Anybody know why a groundhog would do that? Smarta$$ replies welcome.


----------



## Shad Rap (Nov 10, 2010)

Could it have just been a coincidence and not from the groundhog??..like another animal?


----------



## cb55 (Jan 4, 2014)

Shad Rap said:


> Could it have just been a coincidence and not from the groundhog??..like another animal?


That's funny.


----------



## TRAPPERBECK (Mar 23, 2010)

I had a call like that , the person took their car to the shop to get worked on & when the shop put the car on the lift to look under it they seen a Ghog up under the engine . Well they called me to get it out so that could fix it . Why the Ghogs chew on them wires who knows , but I had fun on that call .


----------



## Dovans (Nov 15, 2011)

seriously doubt that if you do more intense investigation that it was a groundhog. More likely you were the victim of the BLACK CRAPPIE!


----------



## Shad Rap (Nov 10, 2010)

cb55 said:


> That's funny.


And why is that humorous?..it was just a question...he said it was too tight of spot for the groundhog...I dont know.


----------



## Matt63 (Jun 1, 2016)

Do u have chipmunks around they chewed up my FIL wire harnesses and it cost him big bucks to get it fixed.


----------



## Snakecharmer (Apr 9, 2008)

A rodent just chewed up my wife's Corollas wires to the tune of a $500 bill.
I understand that they have gotten away from plastic coating on wires and the new coatings are a vegetable/ plant material which is why rodents like them so much.


----------



## MassillonBuckeye (May 3, 2010)

Rodent need to chew things to file their teeth down. They love all sorts of wires/cables including your coax. When you have pixellation on your TV or your Video on Demand isn't working, odds are its a squirrels fault.


----------



## bigtracker (Apr 6, 2010)

The same thing happened to my wife's vehicle. She went out to start it one morning after I had left for work and it wouldn't start. Well with the vehicle being new she called the dealership and they sent someone out to assist. The mechanic lifted the hood and there up against the firewall was a big groundhog munching away.
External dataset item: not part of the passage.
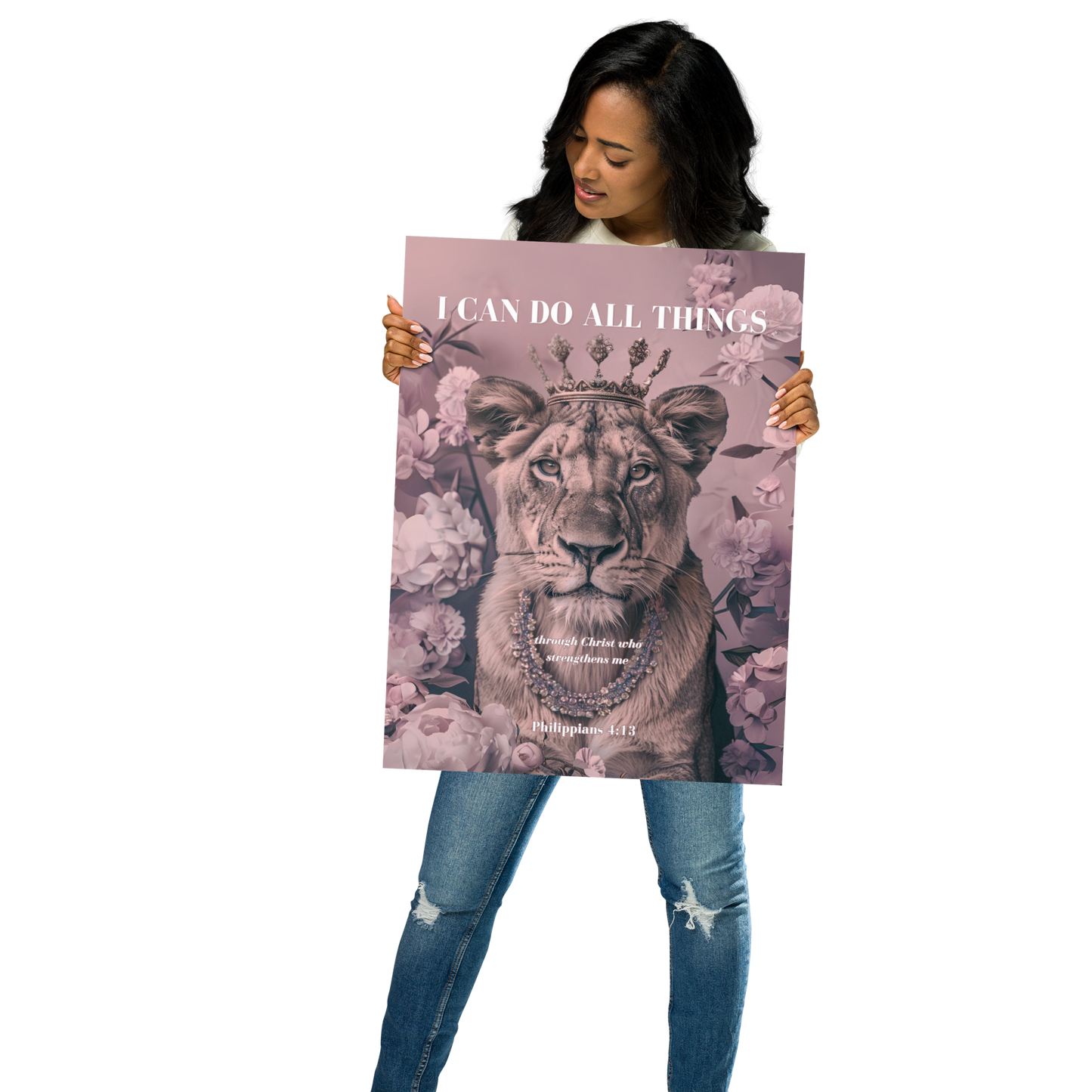 Philippians 4:13 Wall Art – “I Can Do All Things” Lioness Crown Print | Christian Luxury Décor for Women of Faith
The guy had to use a broom to nudge him out of there. Around $2,500 damages to our new 4Runner. Like Snakecharmer, I've heard the critters like the coating on the wire. Peanut oil is used, so I've been told?


----------



## Snakecharmer (Apr 9, 2008)

I'm wondering is spraying a little deer-b-gone (pepper spray) on the wires may be a good deterrent.


----------



## flyman01 (Jan 23, 2013)

I have heard others who also witnessed ground hogs damaging car/truck wires so it is not uncommon. Mice and rats will also do the same, all three are rodents so I do not doubt the claims at all. My neighbor in Tn battles this issue all the time since we are located in the National Forest. He has tried a number of things to prevent this from happening and he claims the best thing he has done and seems to have resolved the issue is to sprinkle hot pepper seasoning around the engine bay and to coat the wires with Armor All. The hot pepper/seasoning is a real irritant and they do not like the taste of the Armor All. Economical way to resolve an expensive problem in my opinion.


----------



## Junebug2320 (Apr 23, 2010)

Had mice in my winter stored car. Was told dryer sheets deter the critters. They chose to piss and crap on one. Chewed the tubing protecting wiring to the tail lights and chewed through the wiring to #3 sparkplug.


----------



## bassattacker (Mar 14, 2007)

When i worked for Time Warner Cable we had to use squirrel guard on the drop line that goes to the house. The reason why was pretty simple, it usually happens around spring time when this happens and it is mainly females. They lack the metal in their system and a simple and easy way to get it is to chew the wires. Especially copper, which almost all wires have. how much truth to this there is i don't know, but i do know i came across a lot of chewed lines and in some cases some had metal shavings where the animal had chewed the metal.


----------



## flyman01 (Jan 23, 2013)

bassattacker said:


> When i worked for Time Warner Cable we had to use squirrel guard on the drop line that goes to the house. The reason why was pretty simple, it usually happens around spring time when this happens and it is mainly females. They lack the metal in their system and a simple and easy way to get it is to chew the wires. Especially copper, which almost all wires have. how much truth to this there is i don't know, but i do know i came across a lot of chewed lines and in some cases some had metal shavings where the animal had chewed the metal.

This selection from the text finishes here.